Elle a toutes les qualités d’une production de répertoire : elle n’exige pas trop en terme de théâtre, les chanteurs peuvent arriver sans répétition et faire ce qu’ils font dans toutes les Traviata du monde, le décor d’Andreas Reinhardt est simple et facile à monter rapidement, les costumes de Carlo Diappi sont assez élégants. En fait, c’est un beau moule où tout le monde peut se glisser.
Günter Krämer est un nom qui sans doute vous dit quelque chose, c’est le metteur en scène du Ring parisien de Nicolas Joël, où il avait d’ailleurs osé un peu plus (mais sans marquer l’histoire du théâtre…).

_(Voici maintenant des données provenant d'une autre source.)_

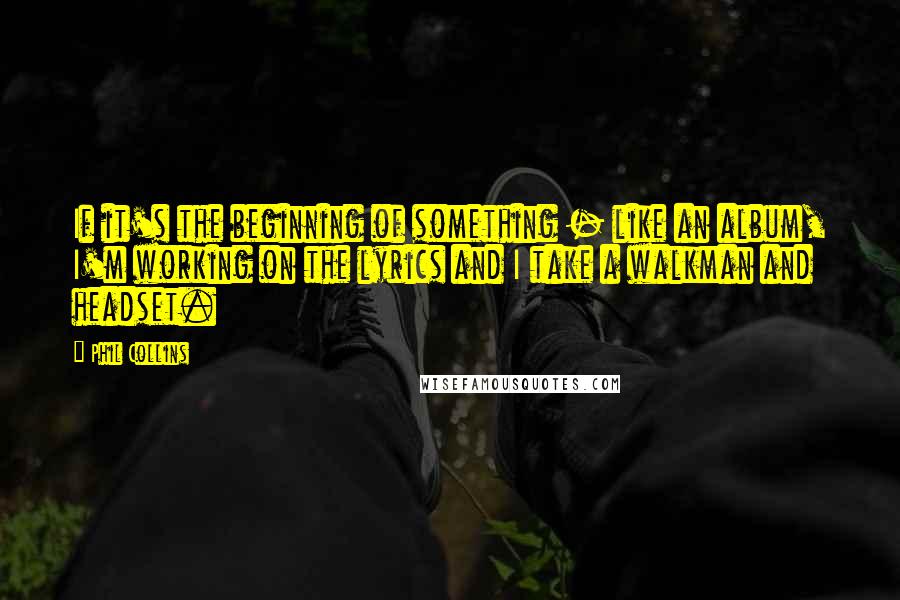 Phil Collins Quotes: If it's the beginning of something - like an album, I'm working on the lyrics and I take a walkman and headset.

Ici, il joue sur l’idée d’automne, avec un deuxième acte au sol jonché de feuilles mortes et une terrasse d’été un peu délaissée, et sur le noir, qui domine toute la représentation, de la fête chez Violetta (avec ses chenilles dansées comme dans les mariages) à celle chez Flora, où il n’y a rien qui évoque la fête : le chœur des Bohémiens semble accompagner des funérailles.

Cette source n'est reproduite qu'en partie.